The title of Michael Axworthy’s book, A History of Iran: Empire of the Mind, clues us in.  The ancient regional cultures spend great effort weaving and maintaining intricate theological skeins. This is their alternative to  Western thought, which has come to be dominated by logical positivism, and its simple prescriptions.

 Western coverage of the Iraqi reaction to bases is thin, though  (NY Times) Angered at Trump’s Visit, Some Iraqi Lawmakers Want U.S. Troops Out mentions some of the actors. Quoting,

The most strident denunciations came from politicians affiliated with Moktada al-Sadr, the nationalist Shiite cleric whose supporters won the largest share of votes in parliamentary elections last May. Mr. Sadr has been an outspoken opponent of all foreign forces in Iraq.

Hamad Allah al-Rikabi, the official spokesman of the pro-Sadr bloc in Parliament, said Mr. Trump’s visit reflected “the recklessness of the United States of America in its dealing with others.”

The best quotes of Iraqi reactions to the bases, which I prefer not to cite, are offered by Russian propaganda organs, motivated by their natural adversarial inclinations.   The usual searches that includes “RT” and “Presstv” brings them up.

 With the possible exception of Basra, an Iran takeover would not be a tanks-across-the-border affair.  It would stoke the banked fires via the means implied by Axworthy’s title. This might be an occasion to review the question of Muqtada al-Sadr, Iranian Mole?
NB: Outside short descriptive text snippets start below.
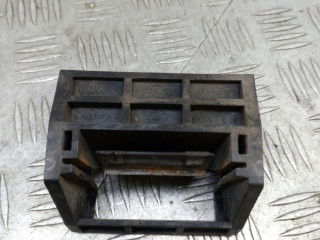 кронштейн радиатора BMW X5 E70 [рестайлинг] E70 2012, 3.0 л., N57 D30 A, дизель, АКПП, alpinweiß iii ( 300), внедорожник 5 дв., полный привод, правый руль, 7533537, 17117533537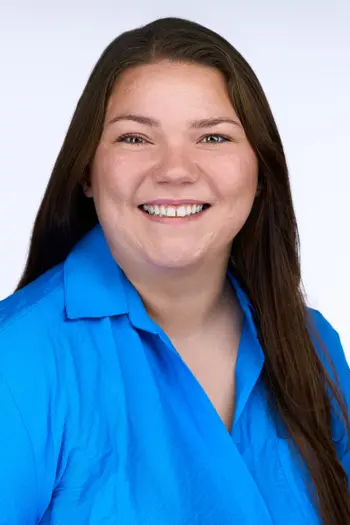 Athena Hiatt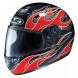 CS-R1 INFERNO HELMETS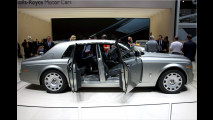 Gelifteter Rolls-Royce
His distance from earlier Iranian ties is unconvincing.  When Soviet agents were recruited from the Communist Party of the USA, they were instructed to resign their party memberships.

Recent human interest stories suggest national feeling transcending the tribes.  But samplings from an urban, capitol region do not present a true picture. The persistence of  ISIS provides a clue, about the Iraq that can’t quite finish it off.

ISIS is not Iran, but the Iraq response towards ISIS illuminates the fractured political structure that Iran would  dissolve, dominate, and replace. Conveniently, the idea to dissolve Iraq is promoted by a Kurdish professor; (Basnews) Dissolving Iraq Helps Middle East Relief: Research.  The Iranians didn’t have to invent it. Neither did I, in Is Iraq Headed for Another Civil War?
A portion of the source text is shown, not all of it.